De détail en détail, visuels et sonores, chacun enclenchant l’autre et augmentant progressivement sa symbolique et sa portée, Jihane Chouaib réussit d’emblée à accrocher son spectateur, avant même qu’aucun mot ne soit prononcé. Elle les suspend au visage de son actrice principale, Golshifteh Farahani, aux traits pétris dans l’éclat de la douleur, au regard fier, déterminé et interrogateur. Un regard de défi. Défi par rapport à un pays dans lequel elle ne se reconnaît plus, à une communauté qui tente de l’enfermer dans son étau, à une réalité quotidienne qui ne cherche pas à savoir, à se poser des questions, à une famille où l’on se refuse à parler de ce qui est arrivé, où «on ne parle jamais de rien», surtout pas de «Jeddo» mystérieusement disparu pendant la guerre civile. Pareille à Antigone, une sorte d’Antigone inversée, Nada veut déterrer le passé, déterrer le mort. «Quelle bataille? Tu te bats toute seule!», lui lance son frère Sam. «Tu ne peux pas nous juger!», lui assène sa tante.
Un retour dans la mémoire
Dans sa colère, ce sont les compromis qu’elle refuse à épouser, les compromis acceptés comme des ornières. Dans sa colère, venue du plus profond d’elle-même, il y a l’attachement à la vie, à la mémoire, à l’enfance. Les souvenirs qui remontent, qui s’imbriquent à son présent, qui s’entortillent aux fantômes qui sembler hanter cette maison, à la violence dont cette bâtisse a été témoin, et qui grouille dans un borborygme toujours présent. Jihane Chouaib parvient à merveille à mettre à l’écran les souvenirs de Nada, au cœur d’une sensation indicible qui emporte le spectateur une nouvelle fois dans une danse chatoyante de couleurs, de formes et de sons. Et cette rengaine qui revient, qui s’incruste dans la mémoire de Nada, dans la nôtre, dans celle de tout un pays: «Yalla tnam, yalla tnam, ladbahla tayer el hamam». («Qu’elle dorme, qu’elle dorme, je lui tuerai un pigeon»).

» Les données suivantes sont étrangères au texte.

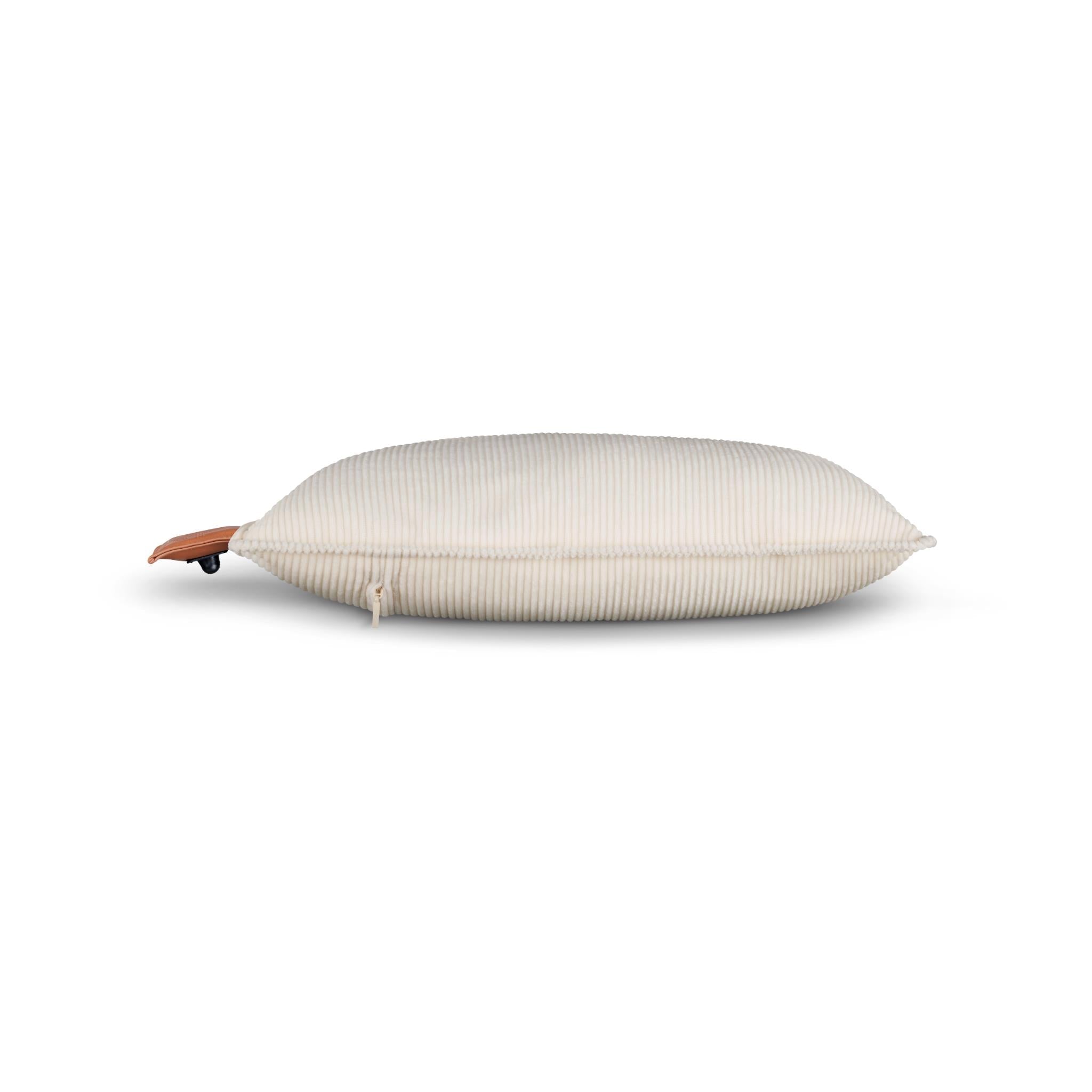 Cordless heated cushion in light cream with ribbed cover and brown leather control tag.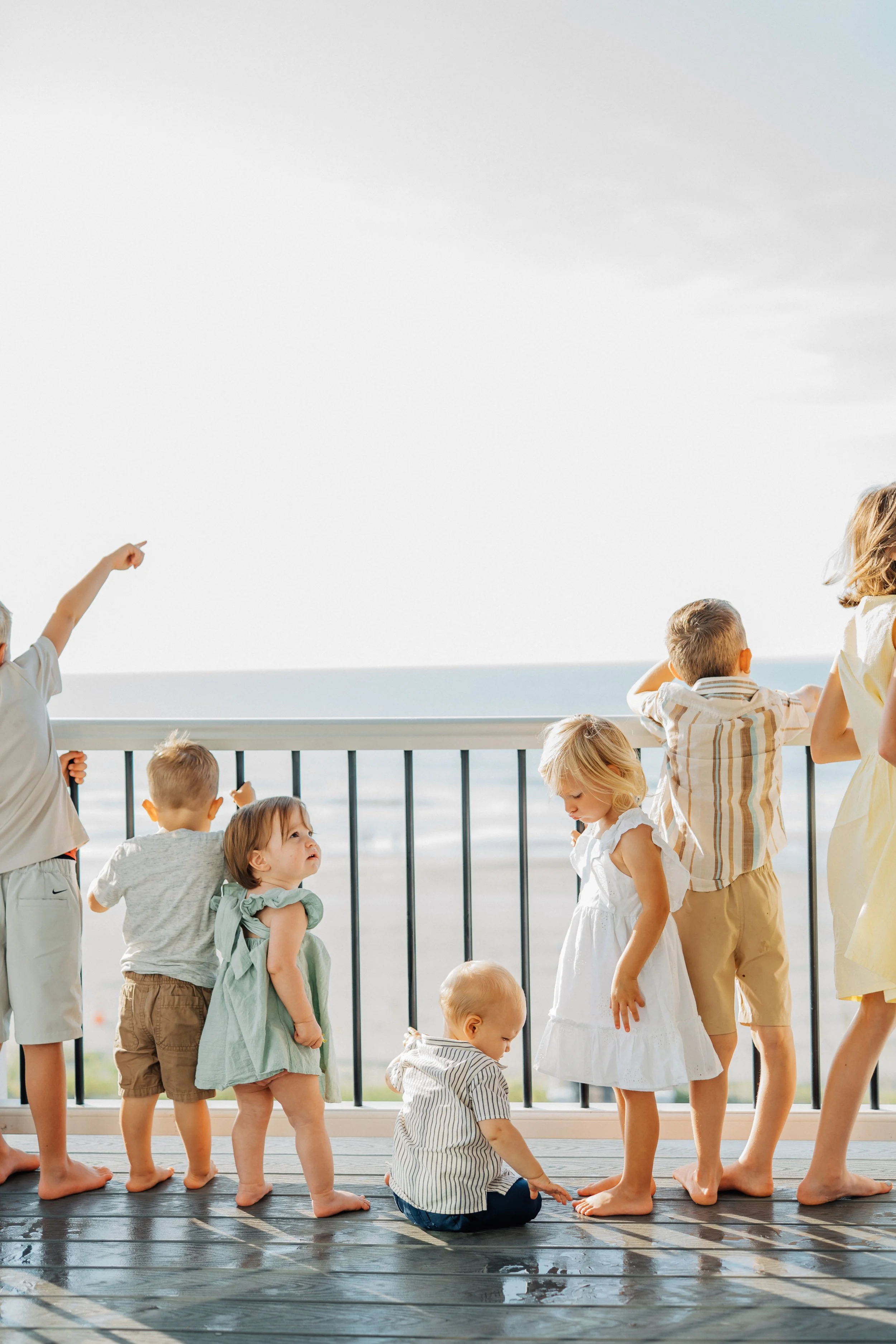 Eight children standing barefoot on a wooden deck overlooking the ocean, some looking out at the sea and others interacting with each other.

Nada ce n’est pas seulement l’histoire d’une immigrante revenue dans son pays natal, c’est l’histoire de tout Libanais, parce que les multiples couches du film s’y prêtent. Tissé dans la complexité et la subtilité, porté par la sensibilité du casting qui regroupe autour de Golshifteh Farahani, Maximilien Seweryn, Wissam Farès, Julia Kassar, Mireille Maalouf, Nasri Sayegh, Charbel Iskandar, Michel Adabachi… Le cinéma libanais emprunte de plus en plus fort cette voie, celle de l’Histoire qui se constitue d’autant d’histoires, d’autant de vérités multiples. Le passé est à fouiller, oui certes, mais comment le remuer, il semble que telle est la question, une question que s’est déjà posé le film Rabih (Tramontane) projeté actuellement en salles, et que se pose de nouveau Go Home, prévu en juin. Sans jugement, ni doigts pointés, ni reproches, dans la colère retenue, dans la détermination à se tracer sa propre voie.
Dans Go Home, il s’agit moins d’une recherche d’identité que d’une appartenance. Une appartenance à soi avant tout, qui ne peut s’acquérir que par la responsabilité assumée d’un passé tenu sous clé, pour le dépasser, espérer la liberté. Vouloir la liberté.